Tracking and validating reviews

Childhood friends formed New Zealand-based Publons to help academics build a reputation for their reviews, writes Sian Harris

When Andrew Preston and Daniel Johnson were boys riding their bikes and playing football in their home town of Whakatane, New Zealand, they had probably never heard of peer review. They certainly didn’t imagine that one day they would form a company together that aims to improve the process.

Nonetheless, that is exactly what happened. The result is Publons, an open-access peer-review platform where academics can build reputation for reviewing, rating, and discussing academic research.

The idea for the start-up came about when Preston was doing post-doctoral research in physics at Boston University, USA. He and Johnson, a self-taught software developer, were discussing the challenges of research communication. They talked about Stack Overflow, a website that provides free questions and answers for programmers, and wondered why nothing similar existed in scholarly publishing.

Out of this came the idea of doing something themselves. As Johnson explained: ‘Our ultimate aim is to speed up science and improve the slow and inefficient peer-review process. We see that reviewers don’t have any incentive to do reviews.’

There are two sides to Publons’ approach. The first is to improve post-publication peer review. According to the company, ‘post-publication reviews will no longer need to spend months or years working their way through the literature, but will instead become part of an ongoing conversation, immediately available and accessible to anyone, anywhere.’

The second aspect of Publons’ work is to give credit for pre-publication peer review, to get information from journals about who does reviews and to allow reviewers to share this information on their websites. The aim is to act as a central hub for journals and authors, recording all peer review whether it is done through Publons or elsewhere and building up author profiles.

This approach, says the company, will ‘give pre-publication reviewers credit for their work, providing positive incentives to produce high-quality reviews, and giving journal editors a large pool of excellent reviewers.’

Johnson said: ‘A lot of people spend a lot of time evaluating research but these contributions are rarely captured. Publons is not about trying to get people to do more work but about allowing them to get more recognition.’

He added that the company is considering an overall score for reviewers that takes into account public review, blind review, and feedback on reviews. ‘The opportunities are enormous,’ he observed.

The company was formed in February 2013 in Wellington, New Zealand. It was accepted into a local business acceleration programme, which provided some seed funding and the opportunity to pitch to investors. From this, Publons raised a round of seed funding that enabled it to employ some more people. Now the business has seven employees.

‘We are still at the early stages but are in talks with a couple of journals. It is a rather large challenge for journals to find good reviewers and we want to help them perform their services more efficiently,’ said Johnson. ‘The revenue model is not to charge researchers anything but to provide services to journals and publishers.’ He added that the exact charging model is still to be determined but will possibly be on a per-search or per-month basis.

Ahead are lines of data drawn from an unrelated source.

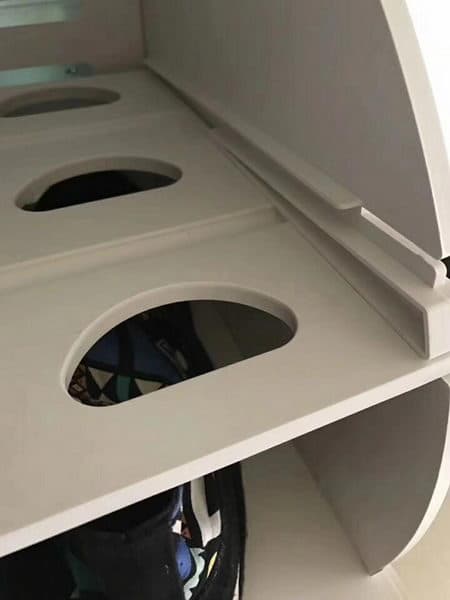 大V妈妈体验报告RootSense根元智能鞋柜护理机day1-鞋斗隔板可以调整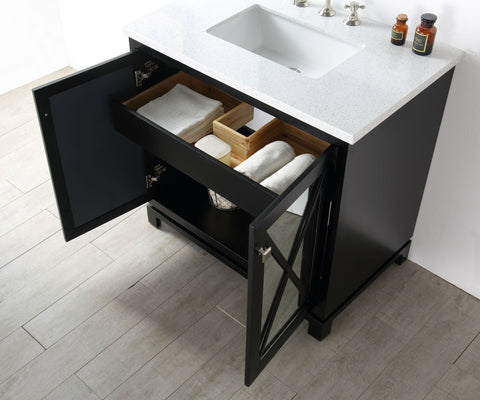 Image of 36" WOOD SINK VANITY WITH QUARTZ TOP-NO FAUCET IN ESPRESSO WH7436-E
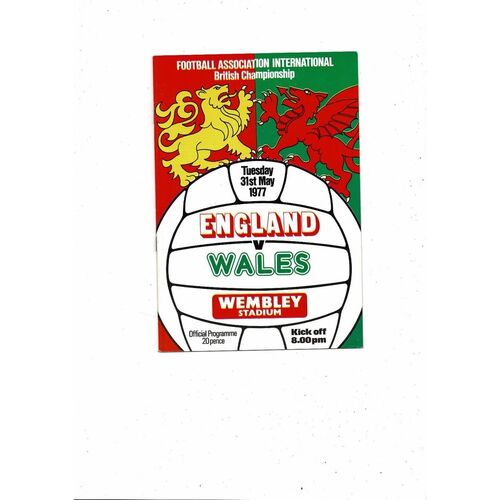 1977 England v Wales Football Programme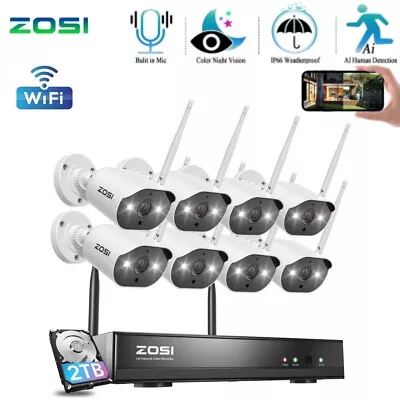 ZOSI 8CH NVR 3MP Wireless Security Camera System WiFi Outdoor IP 2 Way Audio • $279.99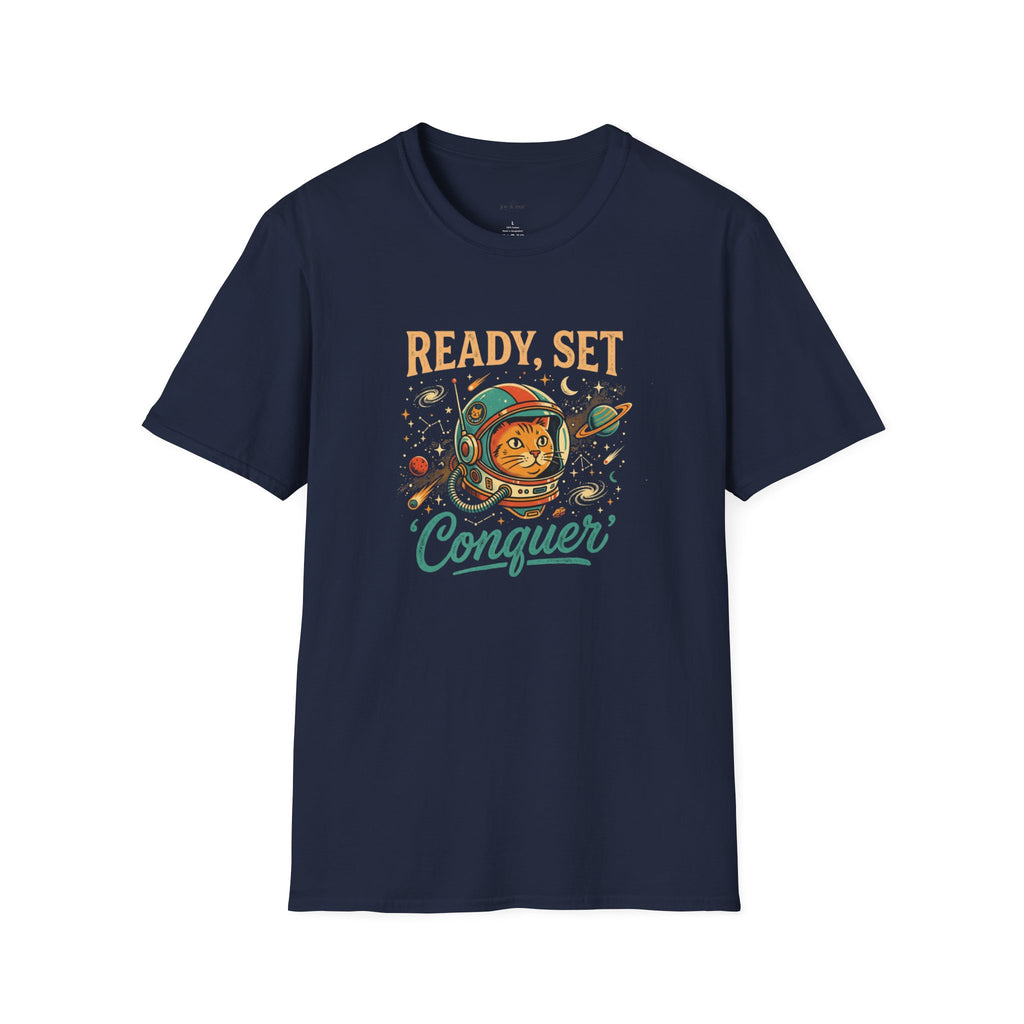 Ready, Set, Conquer Astronaut Cat Graphic Tee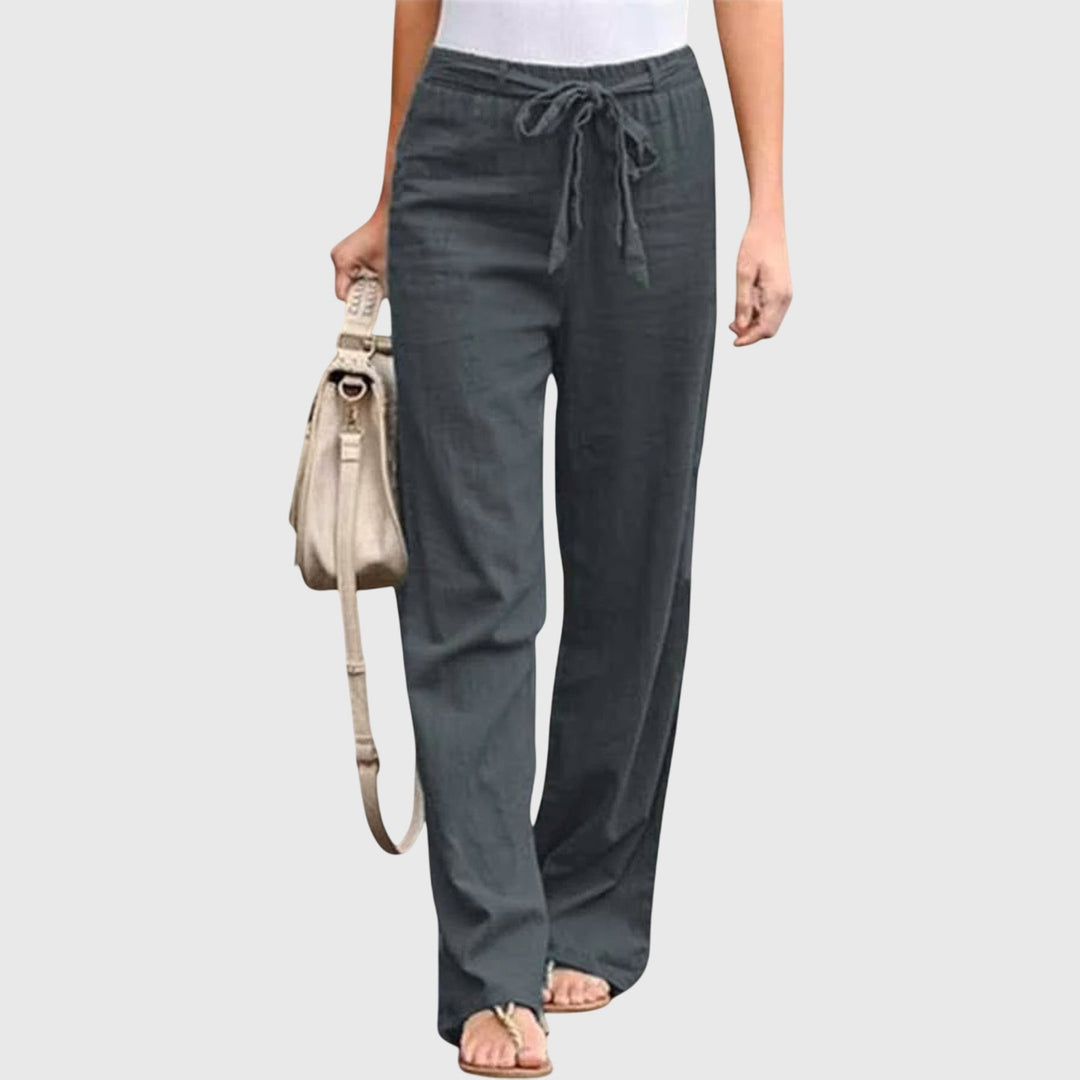 Petra | Damen Palazzohose High Waist mit Bindegürtel - White - Image 8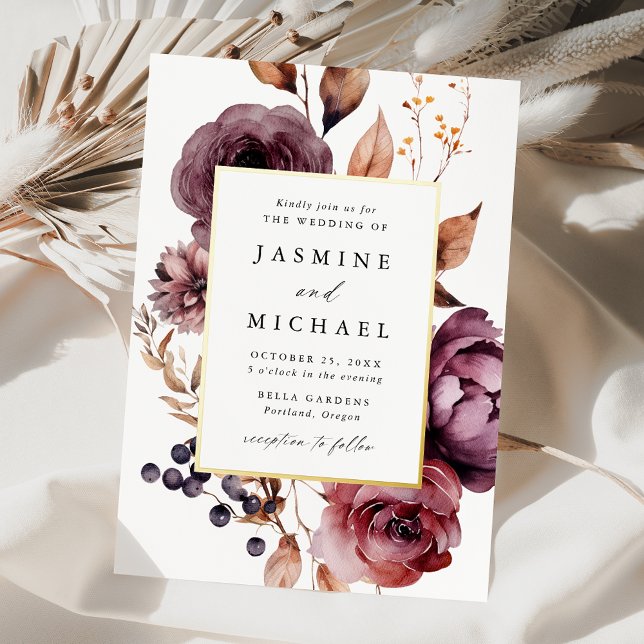 Rustic Autumn Marsala Floral Wedding Foil Invitation (Creator Uploaded)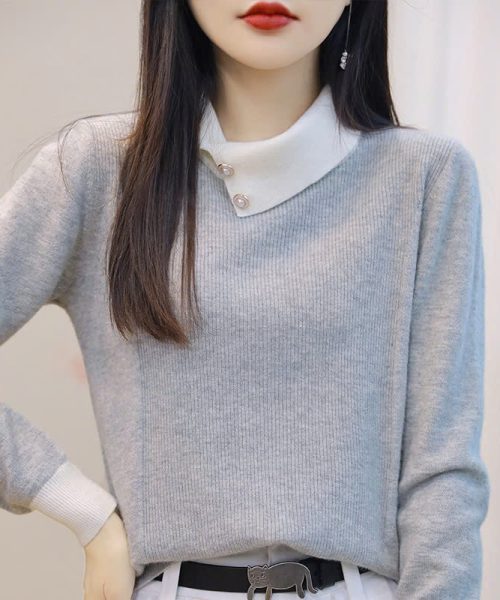 Áo len nữ kiểu Hàn Quốc - Áo len cổ bẻ xéo - Danangsale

Of course such things are never as straightforward as they might sound. As Johnson observed, ‘there are 101 challenges with building a platform from scratch; number one is probably building the community. We are not fooling ourselves it will be easy. It is a change in culture but that’s the way the world is going.’

Steps to success

Nonetheless, towards the end of last year Publons made some significant announcements towards its goals. First came the news that it would begin allocating digital object identifiers (DOIs) to post-publication peer reviews.

According to the company, although DOIs are standard for published articles and datasets, the application of DOIs to peer review is a first. Preston, Publons’ CEO, explained the reasons behind the move: ‘Reviewers’ valuable comments and observations are now given the credit they deserve, and this provides an incentive for reviewers to provide high-quality reviews, improving both the underlying science and commentary.’

‘Once you have a DOI it is citable and acts as a badge. One of our users has already started citing his post-publication review discussions in other papers,’ said Johnson. The assignment of DOIs means that academics can adds reviews they have done to publication records and therefore applications for funding and jobs.

This development was followed by an initiative to also give researchers the ability to build a portfolio of their pre-publication peer review work, along with the opportunity for journals to validate the quality of these peer reviews.

According to the company, pre-publication peer reviews will not, for the most part, be published; the existing types of pre-publication peer review – including closed, blind and double-blind – will be maintained. However, the initiative will mean that reviewers can show their activity in the academic community, and be given credit for it.

Publons is also providing academic journals with the ability to ensure and show that all pre-publication peer reviews are validated. This should enable journals (both open access and paywalled) to prove the quality of the peer reviews behind their published papers.  It will also enable pre-publication reviews to become an official part of researchers’ resumes.

The MacDiarmid Institute for Advanced Materials and Nanotechnology, a national network of New Zealand’s scientists in these fields, is already considering the use of the Publons platform as the source of record for academic peer-review reporting when used in hiring and promotion decisions. Other organisations have also expressed interest, according to the company.

So, what is it like starting a company with a childhood best friend? ‘I guess it’s not for everybody,’ said Johnson, ‘but over the years we have got very good at having disagreements that lead to good results.’